*Instructions for the task*: Drop all pictures and repeat exactly the lines from the line holding "柬埔寨文化部抗议泰国在克纳古寺搞宗教活动" through the end of the records.

Scraped caption text data:
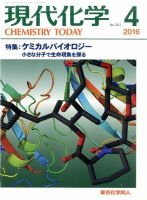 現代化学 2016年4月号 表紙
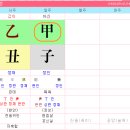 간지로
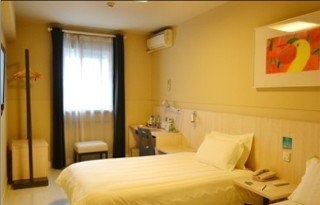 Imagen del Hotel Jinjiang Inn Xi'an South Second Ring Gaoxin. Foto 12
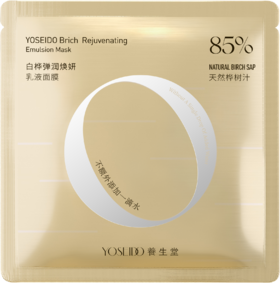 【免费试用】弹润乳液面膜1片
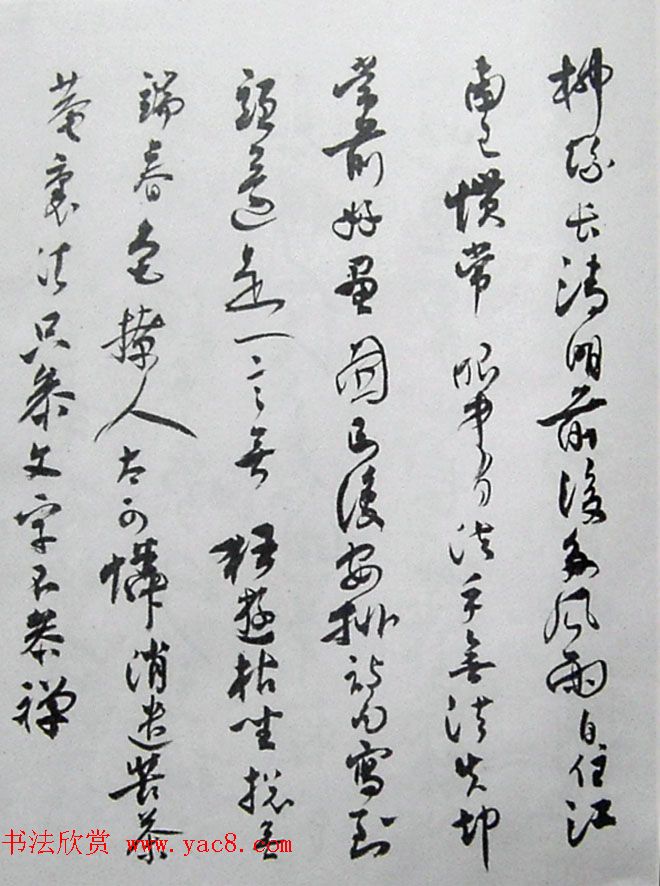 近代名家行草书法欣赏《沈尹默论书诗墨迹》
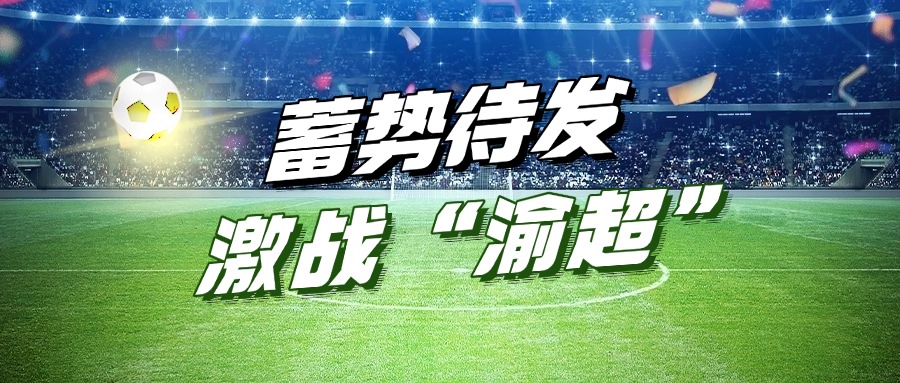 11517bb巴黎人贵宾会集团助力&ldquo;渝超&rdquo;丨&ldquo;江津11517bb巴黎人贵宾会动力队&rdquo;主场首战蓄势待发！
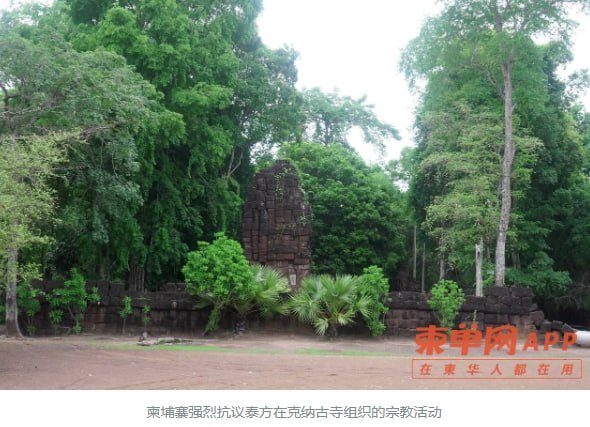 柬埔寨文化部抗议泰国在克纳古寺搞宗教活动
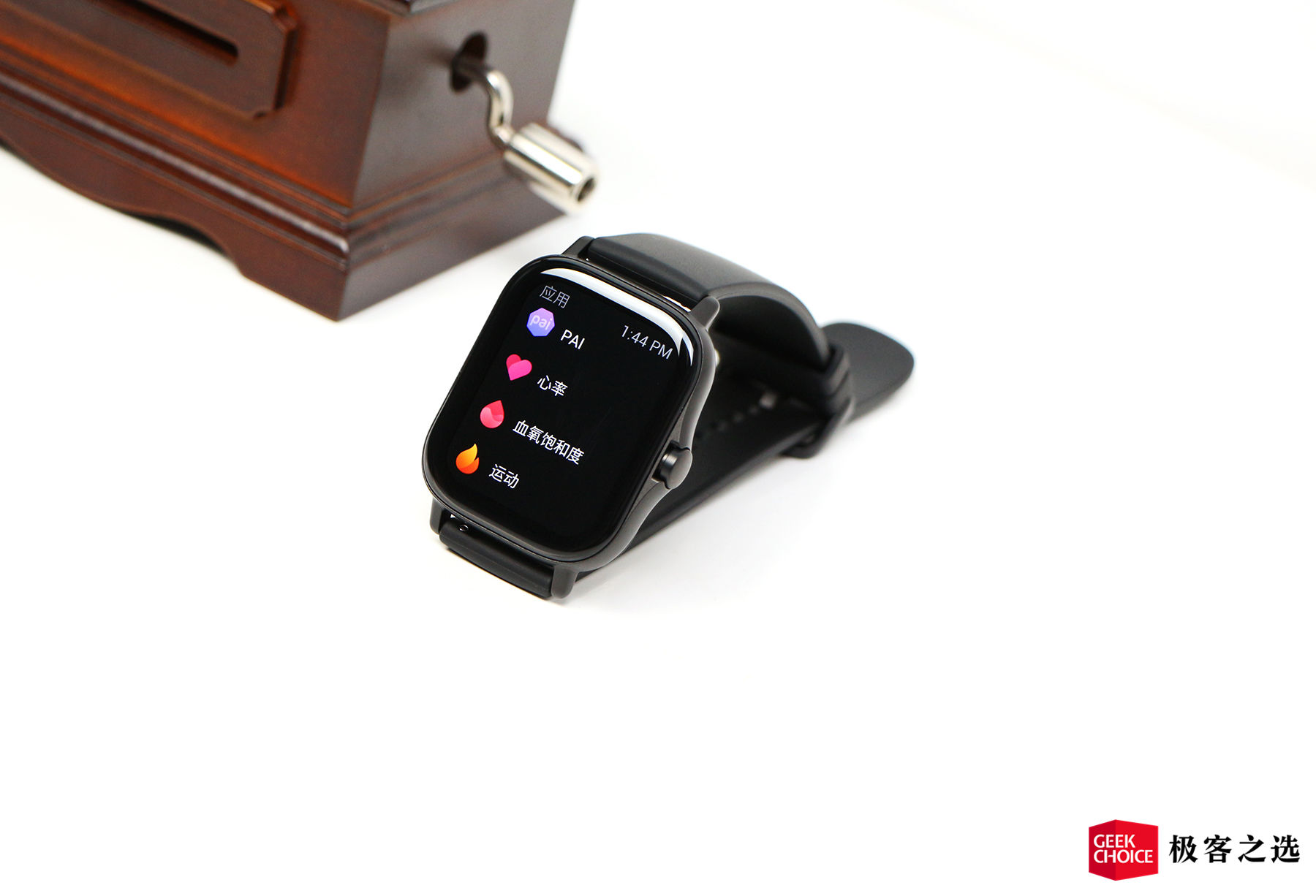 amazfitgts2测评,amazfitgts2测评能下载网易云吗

*Written solution*:
 柬埔寨文化部抗议泰国在克纳古寺搞宗教活动
 amazfitgts2测评,amazfitgts2测评能下载网易云吗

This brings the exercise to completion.